In deze zaak, die op 23 april 2020 door de Rechtbank Overijssel is behandeld, gaat het om een kort geding tussen [eiser] en Hoist Finance. [Eiser] heeft een vordering ingesteld tegen Hoist Finance, waarin hij verzoekt om de tenuitvoerlegging van een arrest van het gerechtshof Arnhem van 18 december 2012 te staken. Dit arrest betreft een veroordeling van [eiser] tot betaling van een bedrag aan Nuon. [Eiser] stelt dat hij gerechtvaardigd vertrouwen heeft gekregen van GGN, de incassogemachtigde van Nuon, dat hij niet meer hoefde te betalen, omdat de zaak gesloten was. Hoist Finance heeft echter het arrest van het gerechtshof Arnhem geëxecuteerd door beslag te leggen op goederen van [eiser].

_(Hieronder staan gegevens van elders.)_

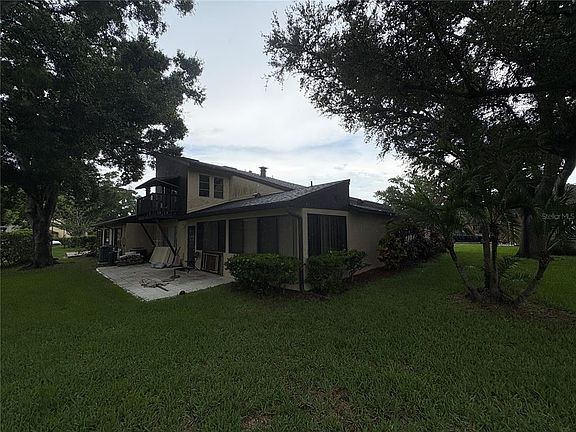 5th image of 2101 SUNSET POINT ROAD #2105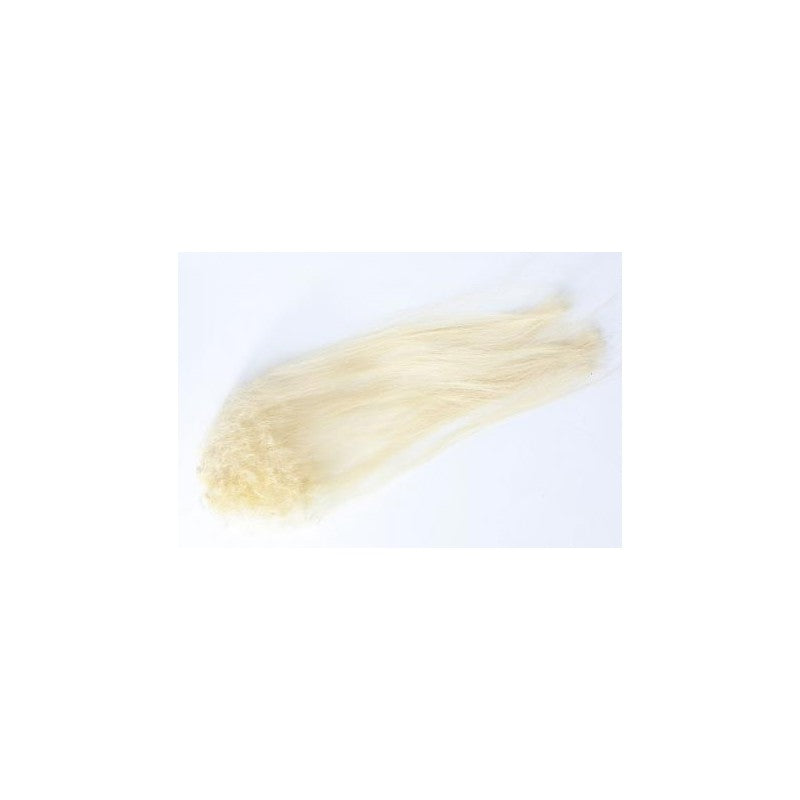 Wapsi Big Fly Fiber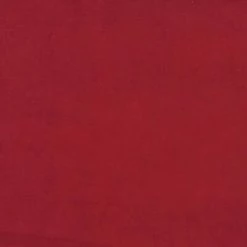 VidaXL Repose-pied Rouge bordeaux 45x29,5x39 cm Velours 10 VidaXL Repose-pied Rouge bordeaux 45x29,5x39 cm Velours -Poufs Soldes image 5 341509
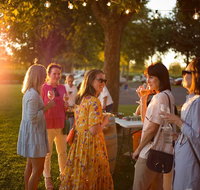 Wine Tasting Activity at Rymill Coonawarra - Tourism Adelaide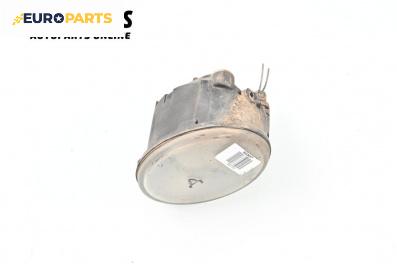 Халоген за Renault Scenic I Minivan (09.1999 - 07.2010), миниван, позиция: дясна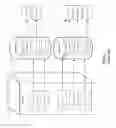 Fig. 02 - Inverter system enabling self-configuration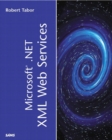 Image for Microsoft.NET Webservices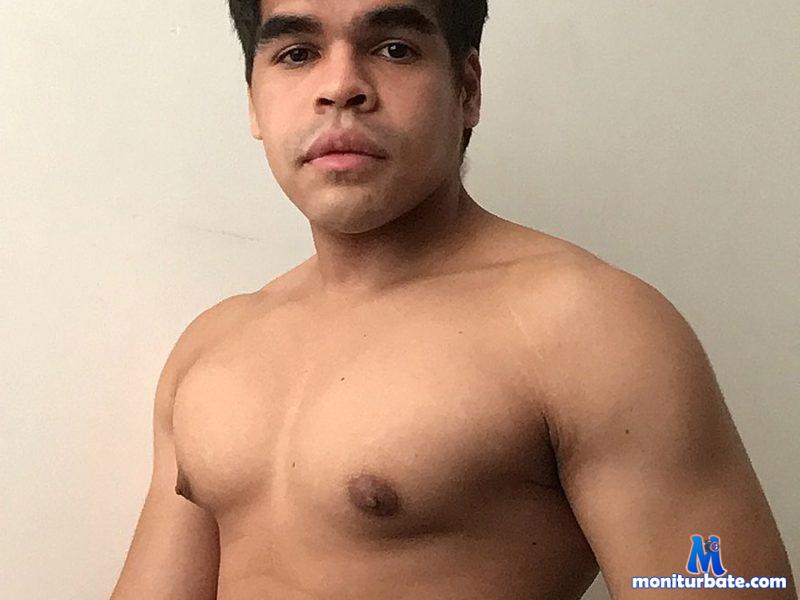 salim-freire Flirt4free performer Anal Role Play/Costumes Doctor / Nurse Master / Slave Prisoner/Guard Nun/Priest Giant Dildo Training Pig Play Medical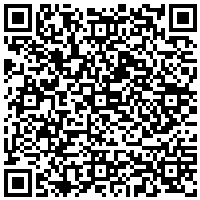 QR Code for bitcoin:bitcoin:bitcoin:bitcoin:bitcoin:bitcoin:bitcoin:bitcoin:bitcoin:bitcoin:bitcoin:bitcoin:bitcoin:3QBCHAD1pfKBct3EdTpuynK9tqraxRe8UV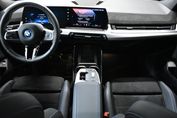 BMW X2 iX2 eDrive20 66.5kWh M Sport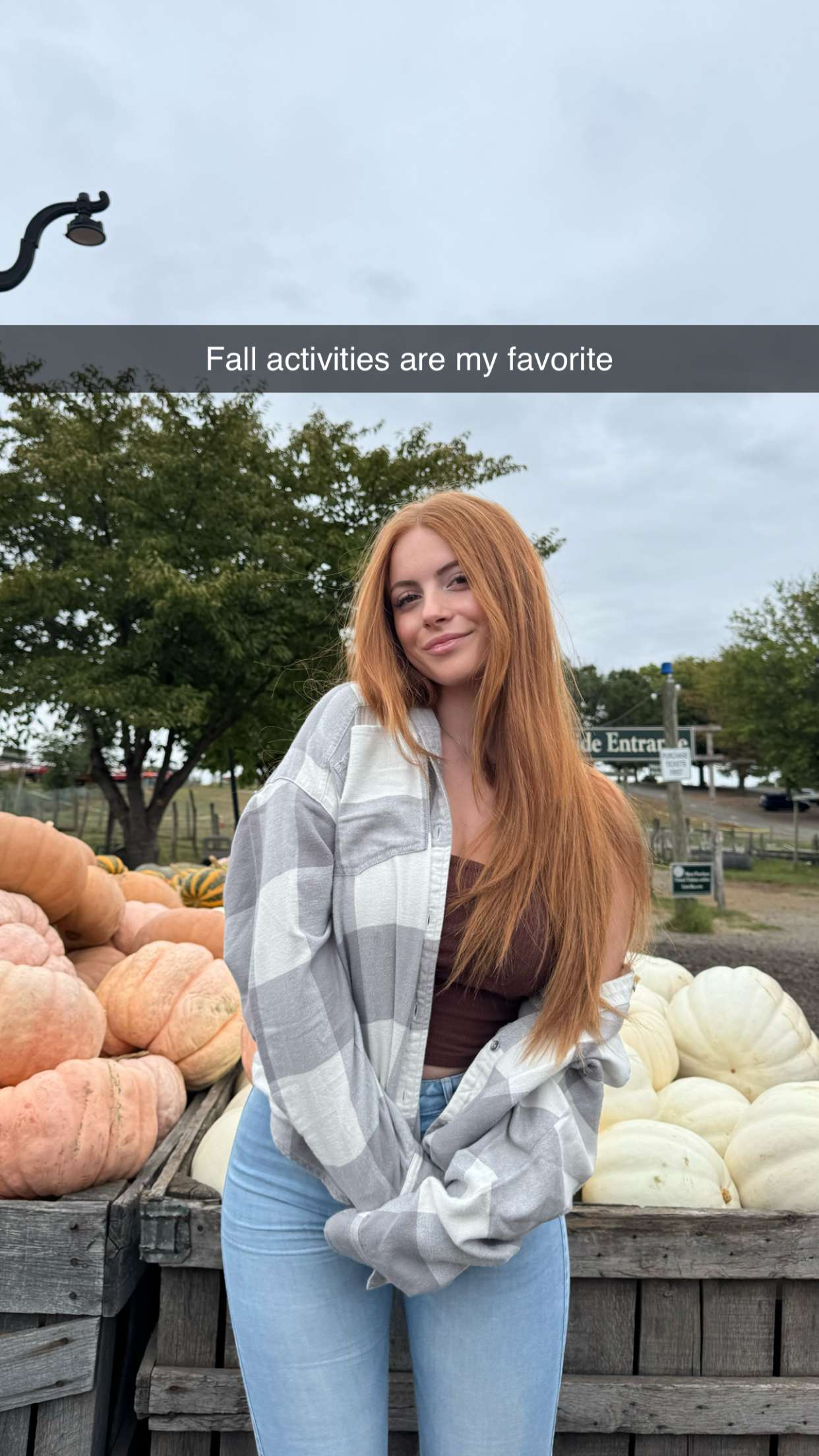 xxxtinacarmella snapchat image archive image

De voorzieningenrechter heeft geoordeeld dat [eiser] een spoedeisend belang heeft bij zijn vordering, ondanks het feit dat het beslag inmiddels was opgeheven. De rechter heeft vastgesteld dat Hoist Finance niet voldoende bewijs heeft geleverd van de cessie van de vordering en dat het beslag onrechtmatig was, omdat het was gelegd op goederen die niet aan [eiser] toebehoorden. De rechter heeft de vordering van [eiser] toegewezen en Hoist Finance veroordeeld om de tenuitvoerlegging van het arrest te staken, onder verbeurte van een dwangsom.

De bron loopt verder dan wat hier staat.